**EXERCISE AIM:** Your reproduction of the entries should be exact and should contain no pictures.

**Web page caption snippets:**
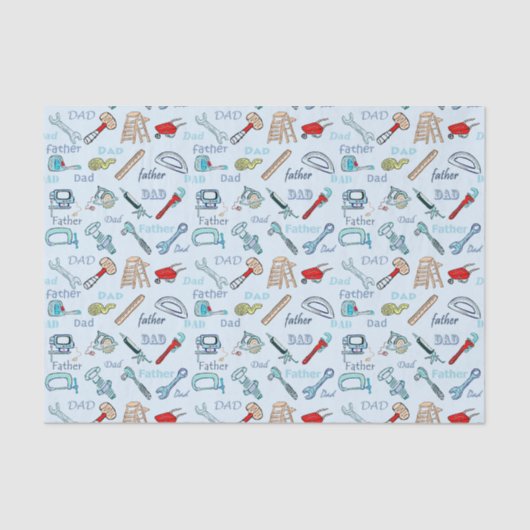 vaderdag tissuepapier (Voorkant)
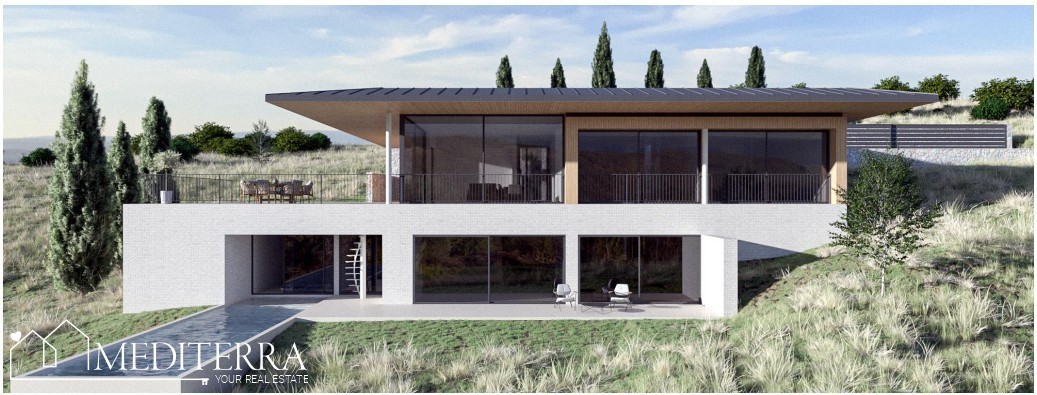 Gradbena parcela z lepim razgledom in projektom, Krasica, Buje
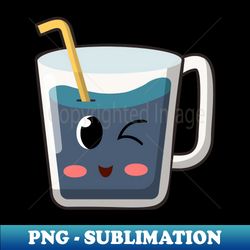 kawaii Cute grape fruit juice drink - Unique Sublimation PNG Download - Stunning Sublimation Graphics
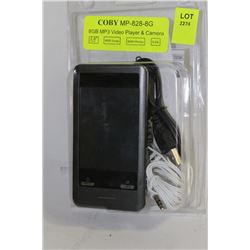 COBY MP-828-8G  MP3 VIDEO PLAYER & CAMERA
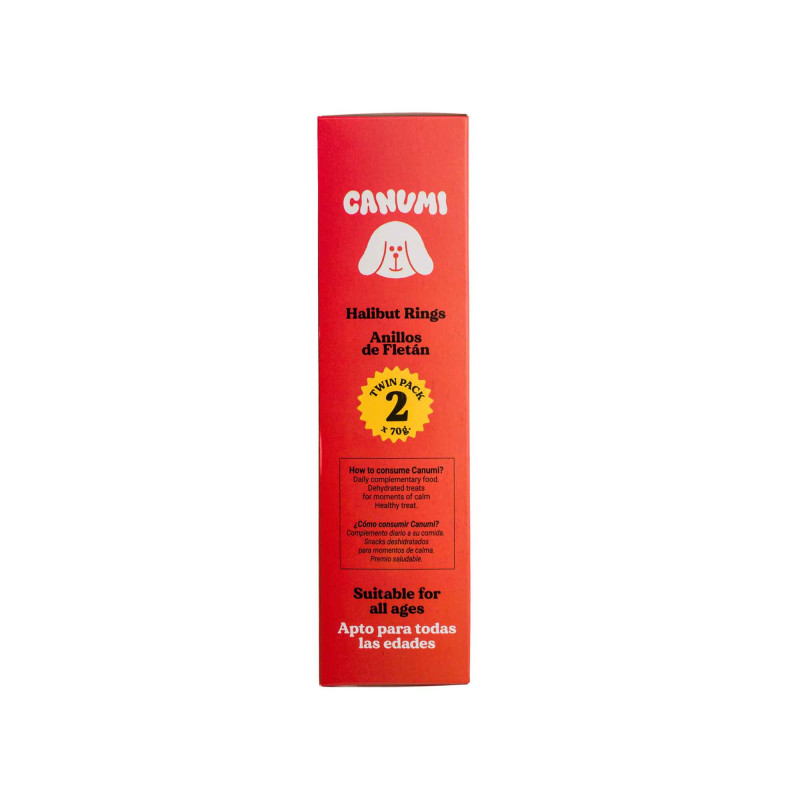 CANUMI Twin Treats – Krążki z Halibuta przysmak dla Psa 2x70g
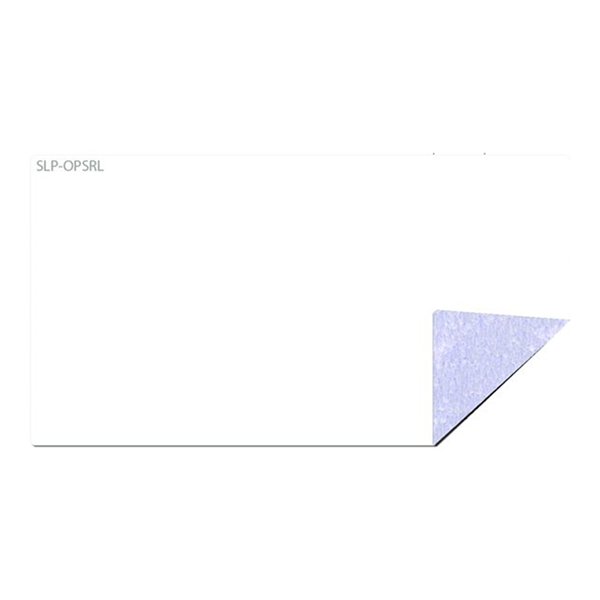 SLP-OPSRL BLUE OPAQUE LABEL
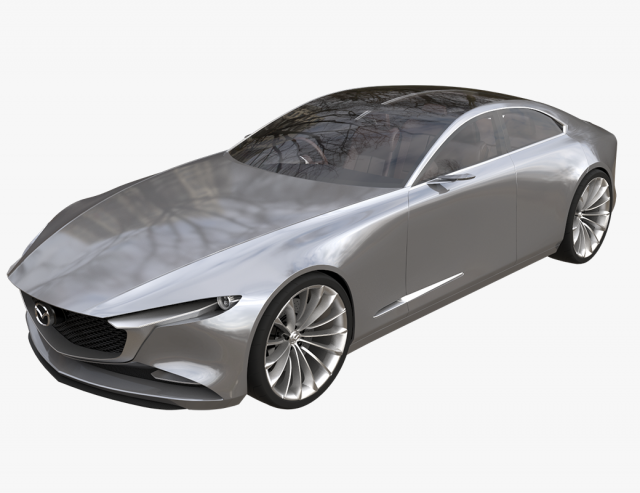 mazda vision coupe concept 3Dモデル in コンセプト 3DExport mazda vision coupe concept 3Dモデル in コンセプト 3DExport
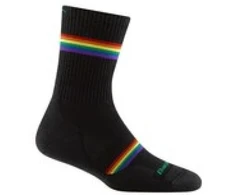 Moteriškos kojinės Darn Tough Prism Micro Crew Lightweight su paminkštinimu, juodos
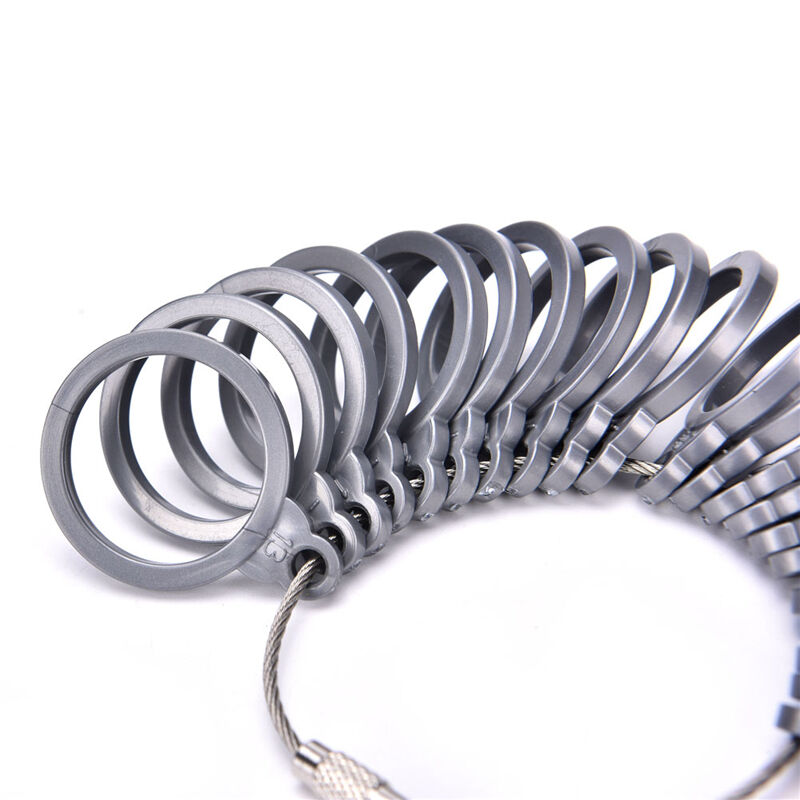 Plastic Finger Ring Sizer Tool Jewelry Measure Gauge Equipment US Size 3-1.l8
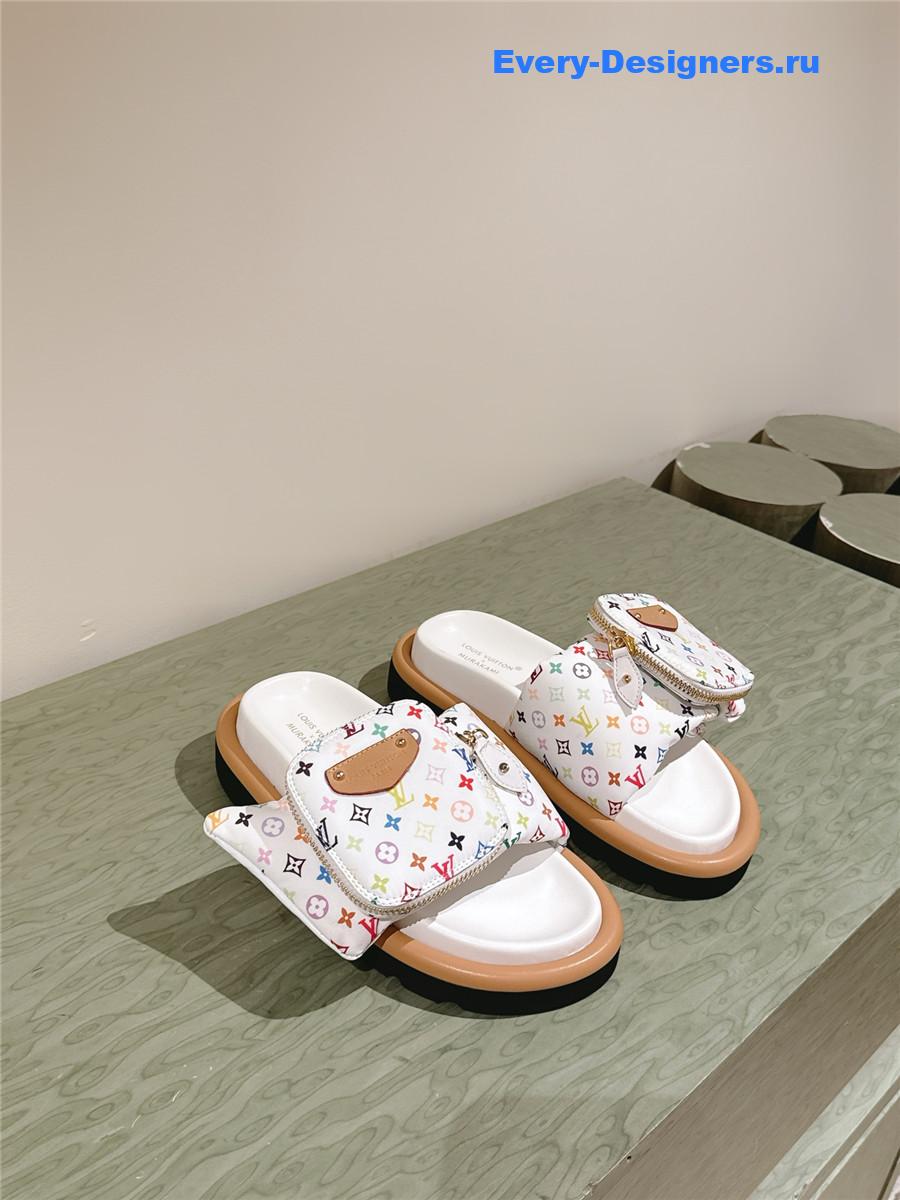 l0vis Vvtt0n lv x tm pool pillow flat comfort mule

**SOLUTION:**
 vaderdag tissuepapier (Voorkant)
 Gradbena parcela z lepim razgledom in projektom, Krasica, Buje
 kawaii Cute grape fruit juice drink - Unique Sublimation PNG Download - Stunning Sublimation Graphics
 COBY MP-828-8G  MP3 VIDEO PLAYER & CAMERA
 CANUMI Twin Treats – Krążki z Halibuta przysmak dla Psa 2x70g
 SLP-OPSRL BLUE OPAQUE LABEL
 mazda vision coupe concept 3Dモデル in コンセプト 3DExport mazda vision coupe concept 3Dモデル in コンセプト 3DExport
 Moteriškos kojinės Darn Tough Prism Micro Crew Lightweight su paminkštinimu, juodos
 Plastic Finger Ring Sizer Tool Jewelry Measure Gauge Equipment US Size 3-1.l8
 l0vis Vvtt0n lv x tm pool pillow flat comfort mule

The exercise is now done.